Parfois, et de façon non scriptée, certains éléments tomberont en panne et seuls de petits kits de réparation vous sauveront de cette mauvais passe. Changing Tides vous demande d’économiser vos ressources au maximum, ce qui résonne comme un écho à son message écolo. Il y’a toujours un moyen de s’en sortir, et le titre fait habilement appel à notre sens de la débrouille et de la déduction, sans jamais rien nous expliquer. Tous les boutons activables sont en bleus clairs, et, à force de tâtonnement, le fonctionnement de la machine infernale devient instinctif et de plus en plus évident. Le jeu est en effet dépourvu d’interface classique, cette dernière étant sous vos yeux, à portée de main.
A vous d’organiser votre périple comme bon vous semble. On court à droite à gauche pour réparer, refroidir les surchauffes, sauter sur la soufflerie pour alimenter le feu, courir au sommet en pleine tempête pour déployer ou rétracter sa voile, sortir pour explorer les fonds marins en quête de carburant… Cette micro gestion qui fonctionne à l’intuition, s’avère jouissive et dynamique, d’autant plus que c’est à vous de décider comment gérer votre rafiot. On se sent oppressé, toujours acculé par des conditions environnementales de plus en plus complexes, mais on en sort toujours grandit et plus habile de nos mains. Et fatalement, on en vient à considérer notre embarcation comme un être aussi vivant que fragile auquel on s’attache irrémédiablement.
Une réussite artistique et ludique
FAR : Changing Tides distille ses panoramas et ses moments de grâce avec soin. L’accent est résolument placé sur notre infinie petitesse face aux dangers d’une mer(e) nature déchainée, et le moindre évènement venant à bloquer la progression résonne comme une catastrophe ou un défi insurmontable. D’une subtile poésie bien dosée, le jeu alterne régulièrement les moments de calmes contemplatifs et les situations désespérées. La bande son se manifeste par envolées enchanteresses qui graveront dans le marbre certains instants mémorables.
Artistiquement, le jeu dispose d’une patte plutôt unique, où les tons pastels se mêlent à une touche picturale reposante pour les yeux et l’esprit. Le titre n’est techniquement pas irréprochable, mais il n’en a pas la prétention. Seule la direction artistique compte ici, et les animations, détaillées et d’une touchante mignonnerie achèvent de rendre cohérente la proposition visuelle.

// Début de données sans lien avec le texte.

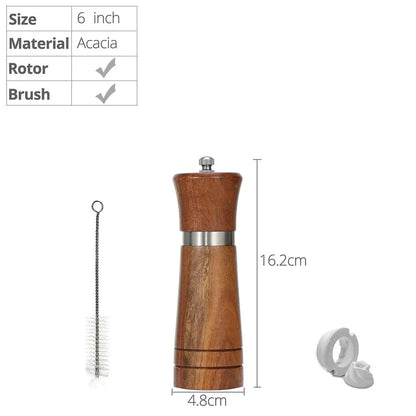Rynx | Customizable Ceramic Mill Acacia Wood Pepper Mill for Gourmets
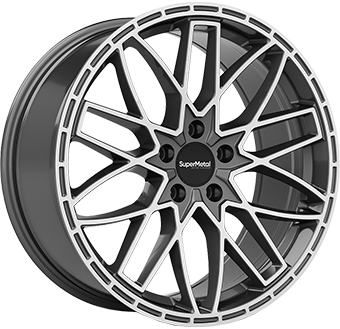 SUPER METAL VANE 20" Grijs Glans / Gepolijst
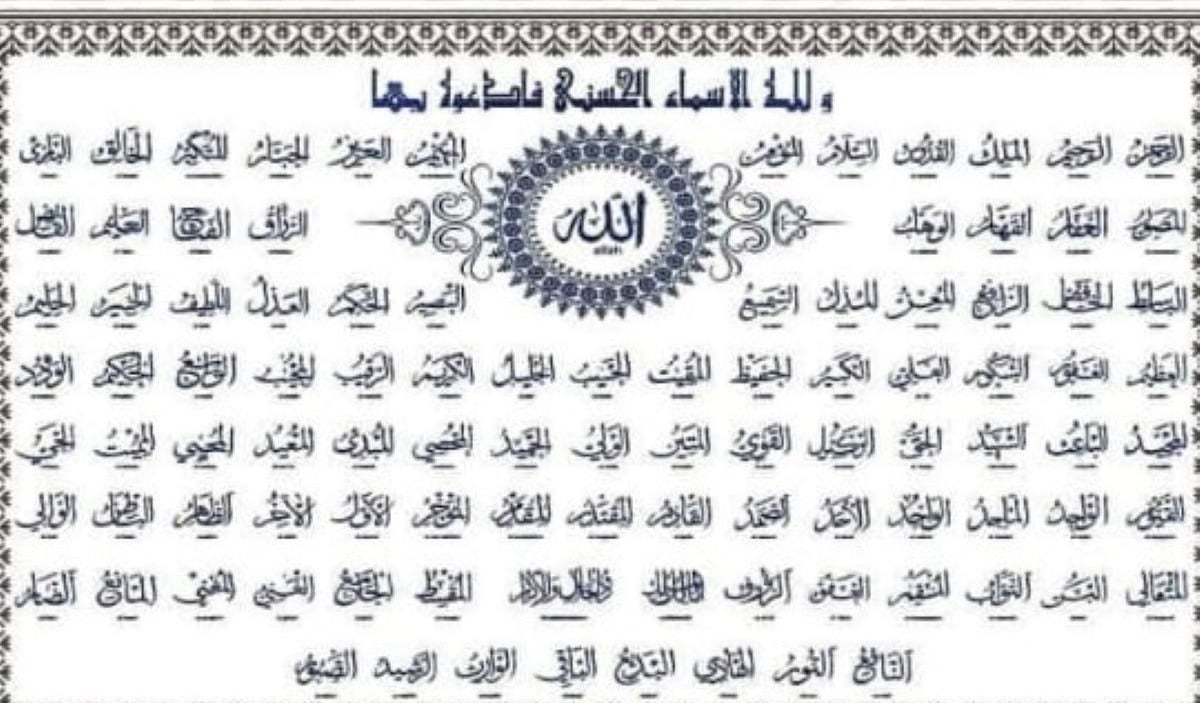 Asmaul husna.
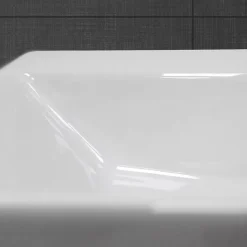 Lave-mains lavabo vasque salle de bain ceramique rectangulaire blanc 350x205mm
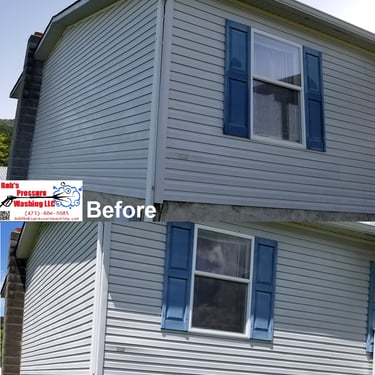House wash in Mooresburg, Tn 37811 near me by Bobs Pressure Washing LLC in Bulls Gap, Tn 37711 13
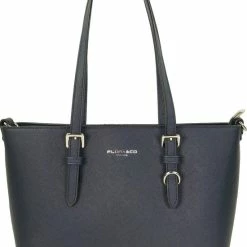 Hete verkoop π Merkloos Saffiano Handtas Flora & Co Blauw Klein π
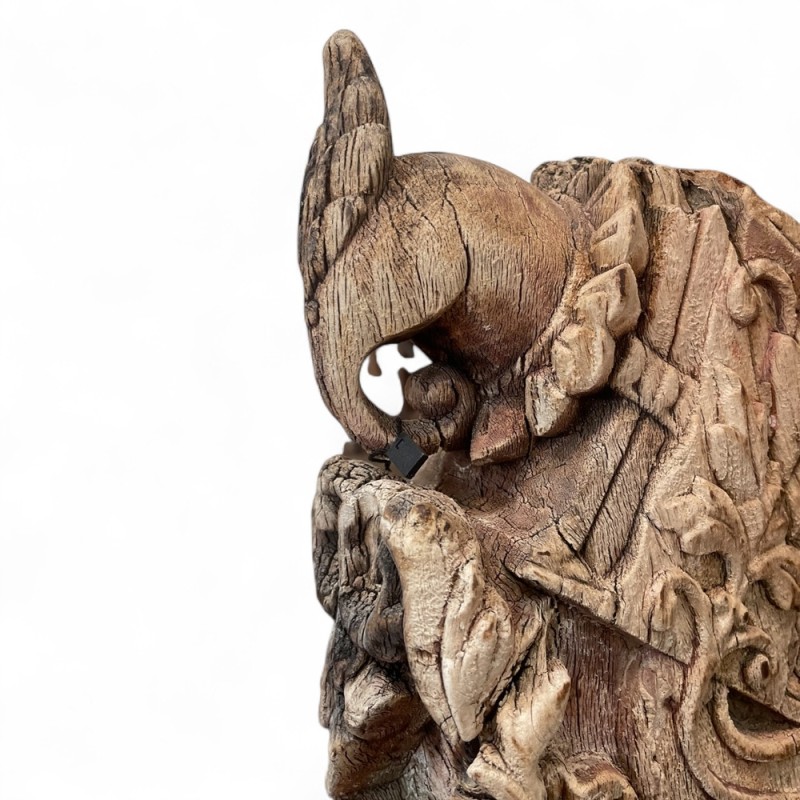 Antique Carved Wooden Garuda Sculpture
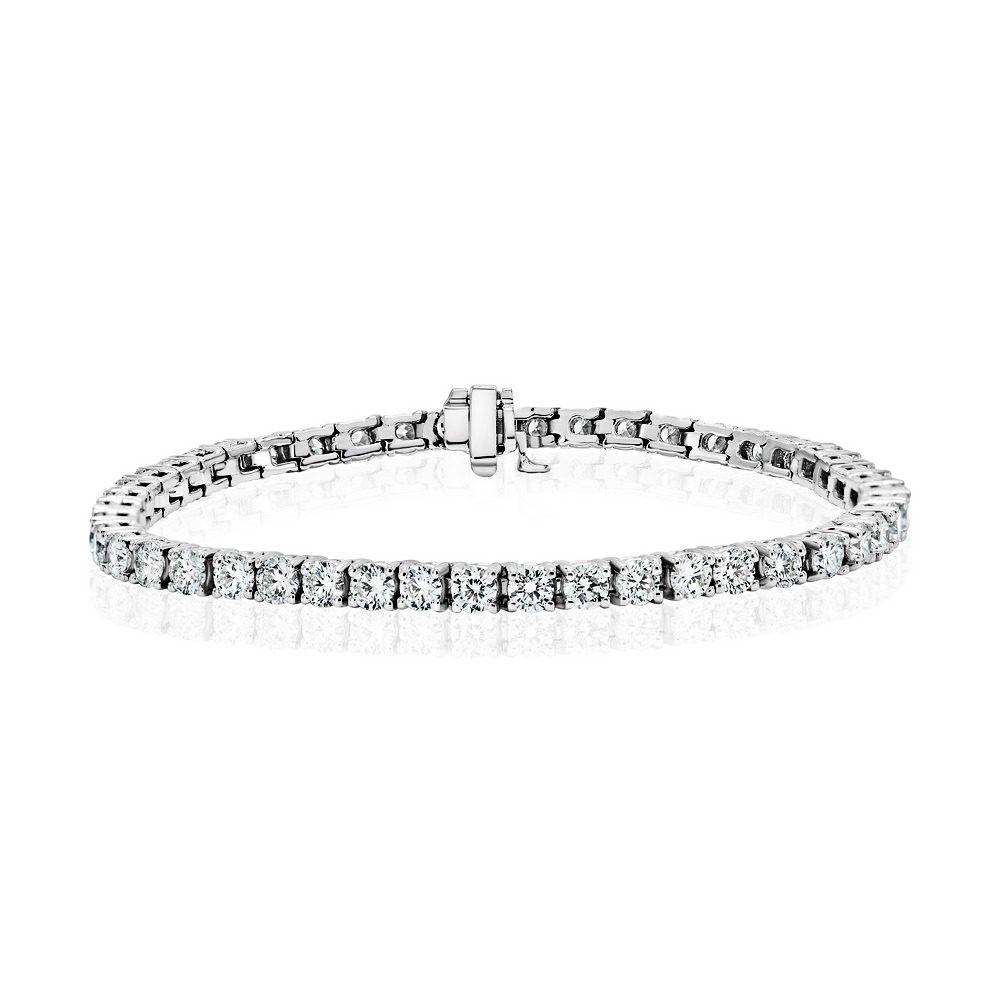 Diamond Tennis Bracelet: Round - Image 7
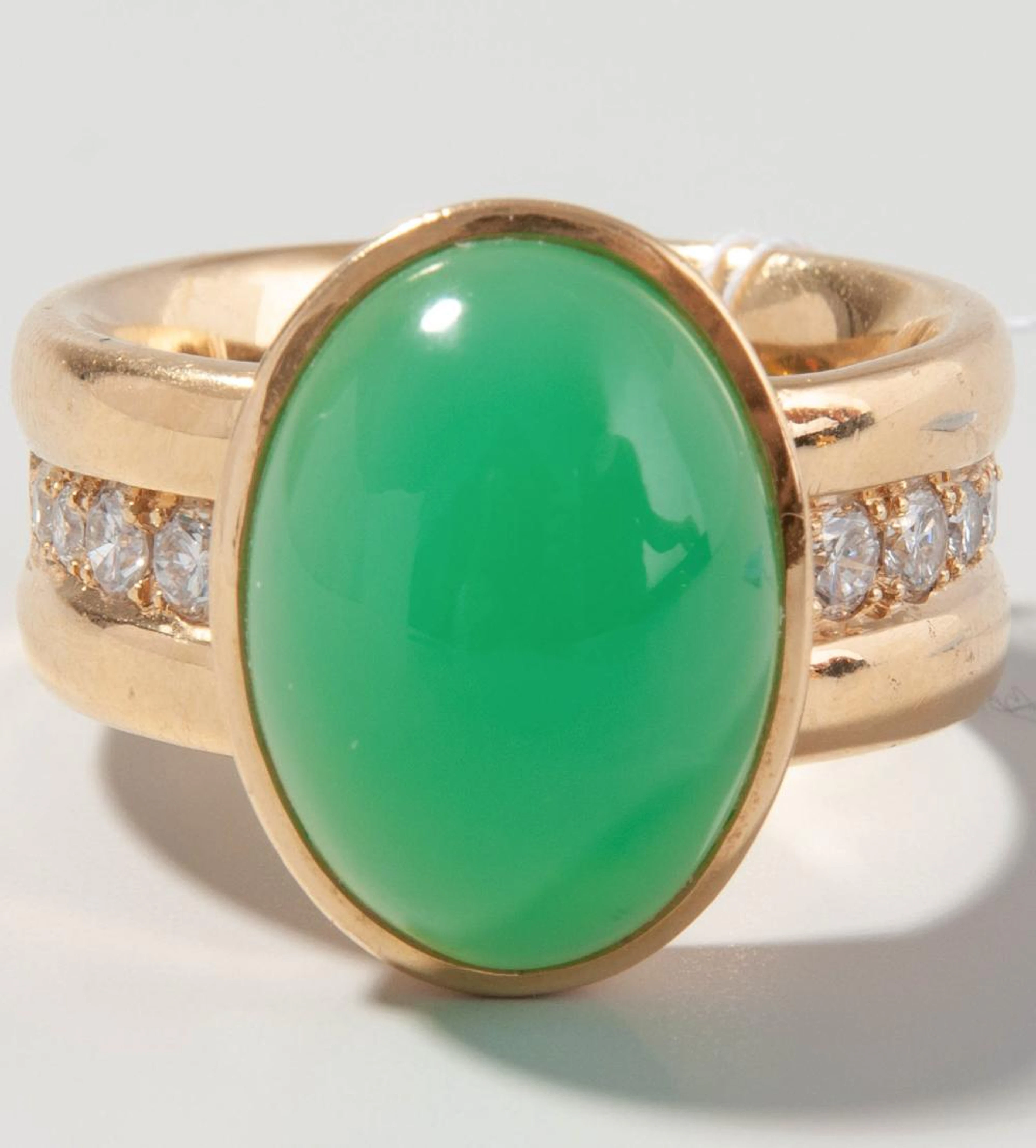 CHRYSOPRAS-BRILLANT-RING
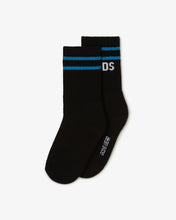 Load image into Gallery viewer, Junior Gcds Low Logo Band Socks | Unisex Accessories Black | GCDS®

Les énigmes croisées sont toutes inventives et ne vous bloqueront jamais plus d’une vingtaine de minute. Changing Tides dispose de cette formidable faculté à rendre les choses limpides et intuitives sans jamais rien afficher d’autre que ses décors et ses boutons bleus activables. S’instaure alors un rythme de croisière aussi plaisant qu’exaltant, où énigmes, calme introspectif, situations critiques et moment d’émerveillement s’entremêlent de manière fluide, et dont le game design transpire l’intelligence et la simplicité. Les quelques errances d’un personnage parfois un brin flottant (vous pesterez notamment contre certaines échelles) ne suffisent pas à briser la merveilleuse routine d’un titre qui ne vous prend pas pour un imbécile, et vous laisse seul maitre à bord. Et ça, c’est bien trop rare.